I'm boring. I can see how people could easily be "over me" in a short span of time. I'll grant myself that I have experienced a lot and have a wide variety of interests but I still think I'm boring. Actually, now that I just wrote that maybe boring isn't the right word. I think the better word is "exciting." I'm not very exciting. I think this has also been a big part of my problem with relationships. Women want to be excited, and I don't blame them. Who doesn't want to be excited? But I'm not very exciting. I'm practical. I'm an idealist with realist tendencies. I'm a dreamer that seldom shares those thoughts for fear of ridicule. I analyze EVERYTHING. I am emotionally open...but not on the topics I hold closest to my soul. I'm just not very exciting. I used to be exciting. That used to be the appeal for women. I used to drink a lot.

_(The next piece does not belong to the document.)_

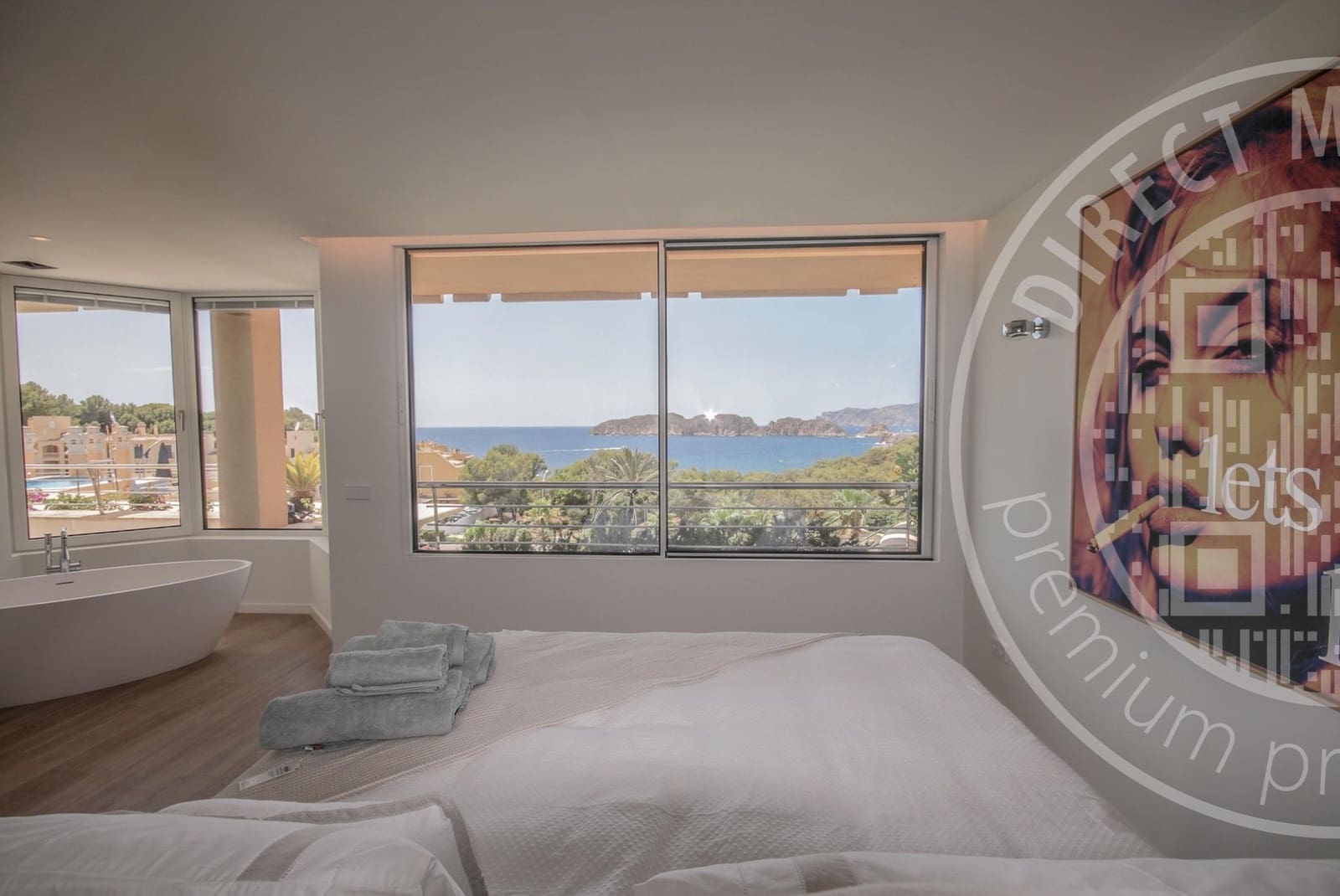 3 soveværelse Penthouse til salg i El Toro / Port Adriano med swimmingpool garage - € 3.300.000 (Ref: 9943199)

I did drugs. I was argumentative and angry. I was rebellious against just about everything. I was opinionated. Women seemed to like that. Then I stopped drinking so much. I gave up drugs. I became more open-minded. I felt my anger subside. I became boring (or unexciting, whatever).

When I look in the mirror I wonder where that reckless boy went. Sometimes I want him to come back. Most of the time I'm glad he's gone. I just wish being me was more exciting. Actually, I'm happy with the "excitement" in my life - especially right now. I guess what I'm saying is I wish OTHER people found me exciting. The thought of that makes me laugh though. I can't see anyone finding me very exciting - not after the initial period at least.

A friend of mine from Texas said the following the other night, "At first girls think it's exciting to be with a cowboy (he's a cowboy) but after a while they can't understand why I can't be a cowboy just some of the time and not all the time. Well, I'm a cowboy." I guess I kind of feel the same way. At first I think women find my life fairly exciting - in a possibility kind of way. Then they see what my life actually entails and it just isn't very glamorous. How do you make writing and dreaming glamorous? I wish I knew. Maybe I should become a cowboy.